The Supreme Court has asked Delhi, Punjab, Haryana, Uttar Pradesh, and Rajasthan to submit affidavits on air pollution control. A three-judge bench led by Justice SK Kaul ordered Delhi, Punjab, Haryana, Uttar Pradesh, and Rajasthan to submit their affidavits by Tuesday.
According to the bench, crop burning is one of the main causes of Delhi’s air pollution.
A report on the steps being taken to control air pollution in and around Delhi had earlier been requested by the top court.
Delhi’s air pollution problem
Farm fires in Punjab may have decreased sharply this year, but Delhi’s air pollution is the most since 2020.
CPCB data show that the average AQI in the city between October 1 and October 29 was 210, lower only than October 2020’s 257.
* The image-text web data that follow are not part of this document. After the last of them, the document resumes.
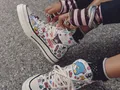 Converse y Hello Kitty se unen: la colección que mezcla nostalgia, color y streetwear en 2026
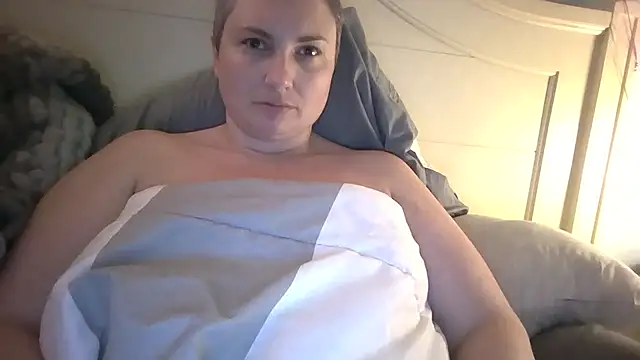 Snapshot of MilfyMrsRobinson chatting on August 1, 1:49 am MilfyMrsRobinson online show from August 1, 1:49 am
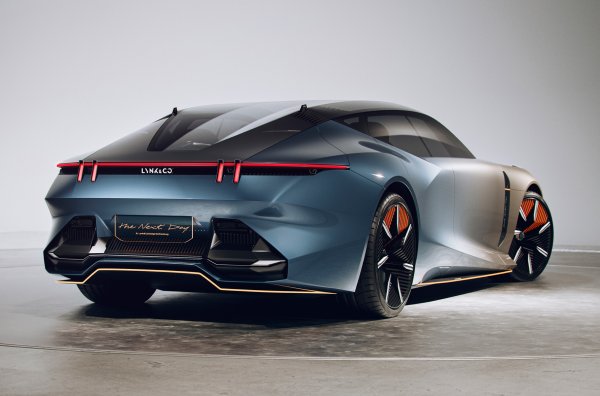 Серийният вариант ще се предлага в хибридни модификации със и без презареждане. Задвижването ще става с бензинов двигател на предната ос и електромотори на задната, като в замисимост от батерията пробегът само на ток ще бъде 60, 100 или 150 км. Ускорението от 0 до 100 км/ч ще отнема под 5 секунди.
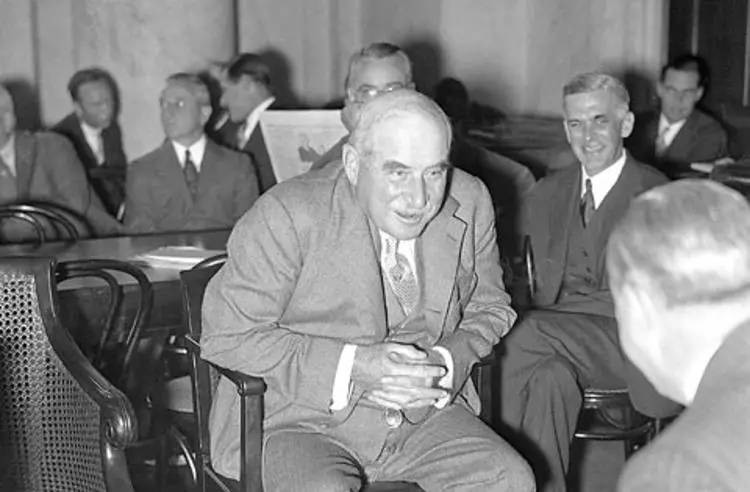 金钱永不眠华尔街,世界债主摩根家族是犹太人吗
When pollutants are lower, why is Delhi breathing in more toxic air? The answer lies in rain.
Delhi saw 6 rainy days in October 2022, when the average AQI was 198. It saw 7 rainy days in October 2021, when the AQI was 166, its best October on record.
Among the reasons Delhi is among the most polluted capital cities in the world are geography, vehicular destiny, dust and farm fires, but weather is also a factor.
Strong winds and rain can wash air pollution
Both 2021 and 2022 experienced over 120 millimeters of rain, whereas 2020 experienced only trace amounts.
Over the past week, there has been no rain or wind following the rains during the third week.
As a result, pollutants have accumulated. Diminishing temperatures further exacerbate the problem as the area for pollutant dispersion decreases.
In the next week, there is no chance of rain, and pollutants are expected to rise,” said a senior IMD official.
As paddy harvests in Punjab continue number of fires increase in next some days
According to the official, since the festivals are later than usual this year, the harvest is also later than usual. This means that there are still many farms with standing crops, which may be burned in the coming days as sowing time approaches.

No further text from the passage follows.